BRIC. Four little letters that have brought countless joy to economists and investors alike since the term (used to refer collectively to Brazil, Russia, India and China) was coined by Jim O'Neill, the British-born former chairman of Goldman Sachs's asset management business, who recognised these countries' potential to beat their way to the top of the world economic order.
11 years on and there is a new acronym in town. O'Neill has identified the MINTs - Mexico, Indonesia, Nigeria and Turkey - as the next major global investment opportunity.

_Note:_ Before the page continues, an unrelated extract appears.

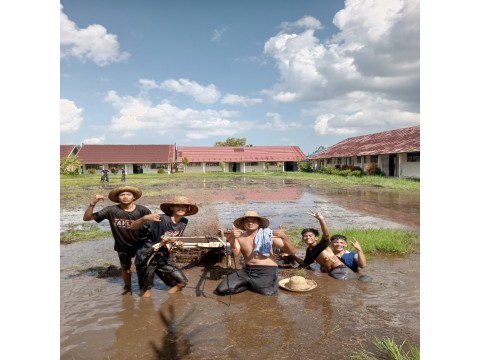 SISWA ATPH TURUN KE LAHAN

What's all the fuss about?
Emerging markets offer far higher potential for growth than the US or European states. The economy of the eurozone region is projected to expand just 1 per cent this year, while the MINTs are collectively forecast to expand by an average of 4.9 per cent. Meanwhile the BRICs are no longer the goldmines for investors they once were. China's economy is starting to slow, while Russia and Brazil are expected to see growth of just 2 and 2.2 per cent respectively.
The potential long-term progression of the MINT economies is especially tantalising. Africa's second largest economy, Nigeria is currently 39th in the global economic rankings. By 2050, the country is forecast to have risen to 13th place, overtaking a host of European states, including Italy and Switzerland. The economies of Mexico and Indonesia will have risen to become the eighth and ninth largest in the world over the same period, overtaking those of the UK, France and Germany.
According to O'Neill, what sets the MINTs apart as a long-term investment opportunity is their advantageous geographical position and specific regional influence.
With a population of nearly 80 million, Turkey has long been recognised as a regional powerhouse, not only in south-east Europe, but also in central Asia. As a predominantly Muslim country, western investors are also increasingly viewing the country as an intermediary between Europe and the Middle East.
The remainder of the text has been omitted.